# Events and Eyeblinks
This week we've seen data that is contaminated with a number of eyeblinks. These would make it very difficult to run analyses on our data (imagine if the person blinked their eyes every time we showed them a picture. We would conclude that the brain was high, but most of it would be *confounded*  with the eyeblinks.

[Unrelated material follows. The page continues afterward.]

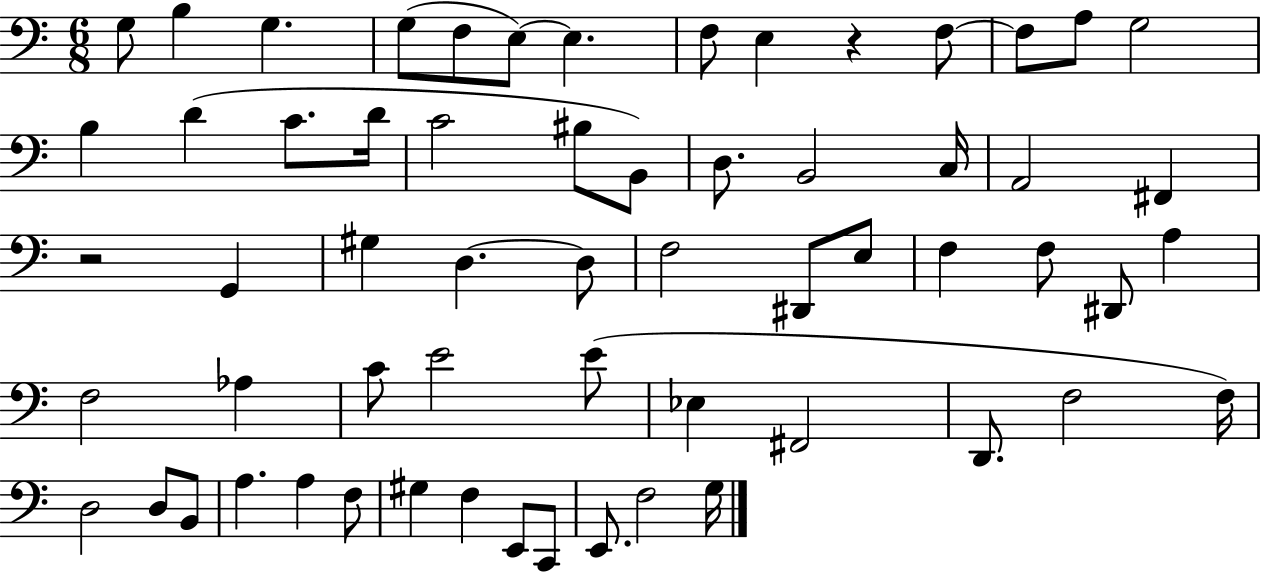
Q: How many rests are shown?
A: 2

In this lab, we'll use the same eyeblink detection algorithm shown in the lecture, and use it to subtract out the eyeblinks from the data. This will be an important step in data analysis because we'll start playing with event-related brain activity.

# The data
We'll use two datasets today. The first dataset is the same that we've gone through in lecture (EEG data). The second is an ECoG dataset. We'll compare what eyeblinks look like in one vs. the other data type.

In [1]:
import mne
import neurods as nds
import numpy as np
import matplotlib.pyplot as plt
%matplotlib notebook

# Running the eyeblink detection

Load the raw data given in data_path (use MNE's io function)

In [2]:
data_path = nds.io.data_list['eeg'] + 'mne_sample/mne_sample-raw.fif'

In [3]:
### STUDENT ANSWER
raw = mne.io.Raw(data_path, preload=True, add_eeg_ref=True)

Opening raw data file /home/shared/cogneuro-connector/data/eeg/mne_sample/mne_sample-raw.fif...
    Read a total of 3 projection items:
        PCA-v1 (1 x 102)  idle
        PCA-v2 (1 x 102)  idle
        PCA-v3 (1 x 102)  idle
    Range : 25800 ... 192599 =     42.956 ...   320.670 secs
Ready.
Adding average EEG reference projection.
1 projection items deactivated
Reading 0 ... 166799  =      0.000 ...   277.714 secs...


## Baselines
There is often a different mean value for each electrode, which can vary quite a lot between electrodes. It is often not very meaningful because it's related more to recording hardware than to brain activity.

As such, it is common to **baseline** channels. This is a way of putting them on the same starting point, so that you can more clearly compare their activity. It basically entails the following process:

1. For each channel
  1. Choose a time window you want to use as a baseline.
  1. Calculate the average channel activity within that baseline window.
  1. Subtract that number from the entire channel.

Below we'll add a baseline to our data before we run the eye blink detection, this will make it easier to highlight the effect we want.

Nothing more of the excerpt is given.